El Pacífico, visto desde Vladivostok.
Y segundo, los fanáticos del fútbol descubrirán a las malas que Rusia no es un país fácil. Que por más que se preparen, por más normas que memoricen o por más apps que descarguen –Gett es una recomendada para los taxis y Yandex Metro para el subterráneo–, se estrellarán con una cultura tan distante que es imposible de predecir: se quedarán sin comer en el tren por haber olvidado empacar suficiente mecato, se sentirán incómodos y perdidos al entrar desnudos a un banya (un sauna ruso), o simplemente se quedarán discutiendo de direcciones y precios con un taxista. Quizá en algún momento les caerá el sermón de algún ruso de la vieja guardia, como me pasó a mí, cuando se dio cuenta de que no era capaz de seguir una conversación en su idioma. “¡¿Cómo demonios vienes a Rusia sin hablar ruso?!”, imagino que decían. No puedo estar seguro.

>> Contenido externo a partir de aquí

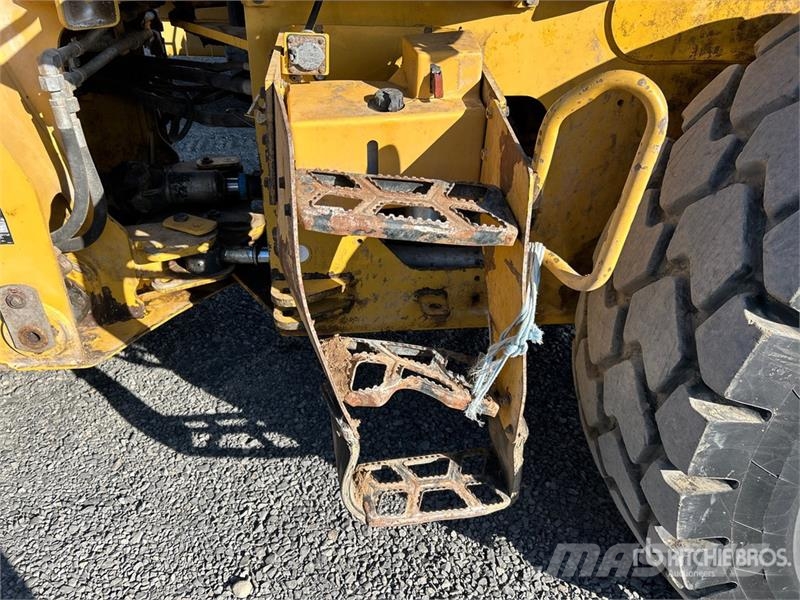 CAT 938K Kolové nakladače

Todo resulta parte de la experiencia. De ahí en adelante la elección es suya: puede zafarse de casi cualquier situación diciendo que no habla ruso (ya nye gobaryu pa-rusky), hacerse entender solo para comprar comida y disfrutar de los
partidos como si nada. O puede intentar, al menos, comprender una cultura tan amplia como la misma Rusia; puede hacer el esfuerzo de hablar de manera torpe pero amena con ese fanático ruso que se sienta al lado suyo, que gesticula fuertemente y que lleva y sufre la camiseta roja de su propio equipo.
Después de todo, hay una palabra que compartimos: “fútbol” se pronuncia igual en ruso y en español.